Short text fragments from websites
-- Opening Marker --

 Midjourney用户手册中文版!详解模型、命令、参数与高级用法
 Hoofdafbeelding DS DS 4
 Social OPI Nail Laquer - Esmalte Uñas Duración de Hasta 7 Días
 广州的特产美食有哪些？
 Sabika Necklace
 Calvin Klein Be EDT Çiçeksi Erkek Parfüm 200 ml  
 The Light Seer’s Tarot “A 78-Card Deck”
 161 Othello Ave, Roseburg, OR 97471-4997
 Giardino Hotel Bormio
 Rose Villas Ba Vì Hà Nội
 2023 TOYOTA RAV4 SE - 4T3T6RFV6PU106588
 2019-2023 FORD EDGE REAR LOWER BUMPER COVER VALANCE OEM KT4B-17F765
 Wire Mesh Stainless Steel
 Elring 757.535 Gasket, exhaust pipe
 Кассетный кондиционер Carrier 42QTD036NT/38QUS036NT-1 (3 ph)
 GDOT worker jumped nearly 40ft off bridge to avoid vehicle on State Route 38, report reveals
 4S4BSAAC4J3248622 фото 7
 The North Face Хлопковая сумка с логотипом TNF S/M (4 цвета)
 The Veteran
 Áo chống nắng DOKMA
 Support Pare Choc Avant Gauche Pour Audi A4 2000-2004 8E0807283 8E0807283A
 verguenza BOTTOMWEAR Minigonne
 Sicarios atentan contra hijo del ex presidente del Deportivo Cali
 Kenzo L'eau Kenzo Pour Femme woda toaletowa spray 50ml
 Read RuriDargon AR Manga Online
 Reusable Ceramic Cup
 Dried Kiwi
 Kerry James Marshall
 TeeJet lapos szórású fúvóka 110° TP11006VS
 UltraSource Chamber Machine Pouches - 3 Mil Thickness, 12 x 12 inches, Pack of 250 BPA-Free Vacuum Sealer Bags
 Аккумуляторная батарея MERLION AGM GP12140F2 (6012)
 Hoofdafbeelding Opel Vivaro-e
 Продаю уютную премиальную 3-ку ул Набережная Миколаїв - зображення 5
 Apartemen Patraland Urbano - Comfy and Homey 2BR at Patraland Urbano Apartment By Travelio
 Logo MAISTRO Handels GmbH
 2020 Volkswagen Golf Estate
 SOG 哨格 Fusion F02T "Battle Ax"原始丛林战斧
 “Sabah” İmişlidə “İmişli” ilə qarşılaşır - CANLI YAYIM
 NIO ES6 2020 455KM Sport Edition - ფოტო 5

-- Closing Marker --

● About this exercise
Each line from the top of the entries above through the line containing "TeeJet lapos szórású fúvóka 110° TP11006VS" must be transcribed exactly, and no other line may appear.

● Exercise response
 Midjourney用户手册中文版!详解模型、命令、参数与高级用法
 Hoofdafbeelding DS DS 4
 Social OPI Nail Laquer - Esmalte Uñas Duración de Hasta 7 Días
 广州的特产美食有哪些？
 Sabika Necklace
 Calvin Klein Be EDT Çiçeksi Erkek Parfüm 200 ml  
 The Light Seer’s Tarot “A 78-Card Deck”
 161 Othello Ave, Roseburg, OR 97471-4997
 Giardino Hotel Bormio
 Rose Villas Ba Vì Hà Nội
 2023 TOYOTA RAV4 SE - 4T3T6RFV6PU106588
 2019-2023 FORD EDGE REAR LOWER BUMPER COVER VALANCE OEM KT4B-17F765
 Wire Mesh Stainless Steel
 Elring 757.535 Gasket, exhaust pipe
 Кассетный кондиционер Carrier 42QTD036NT/38QUS036NT-1 (3 ph)
 GDOT worker jumped nearly 40ft off bridge to avoid vehicle on State Route 38, report reveals
 4S4BSAAC4J3248622 фото 7
 The North Face Хлопковая сумка с логотипом TNF S/M (4 цвета)
 The Veteran
 Áo chống nắng DOKMA
 Support Pare Choc Avant Gauche Pour Audi A4 2000-2004 8E0807283 8E0807283A
 verguenza BOTTOMWEAR Minigonne
 Sicarios atentan contra hijo del ex presidente del Deportivo Cali
 Kenzo L'eau Kenzo Pour Femme woda toaletowa spray 50ml
 Read RuriDargon AR Manga Online
 Reusable Ceramic Cup
 Dried Kiwi
 Kerry James Marshall
 TeeJet lapos szórású fúvóka 110° TP11006VS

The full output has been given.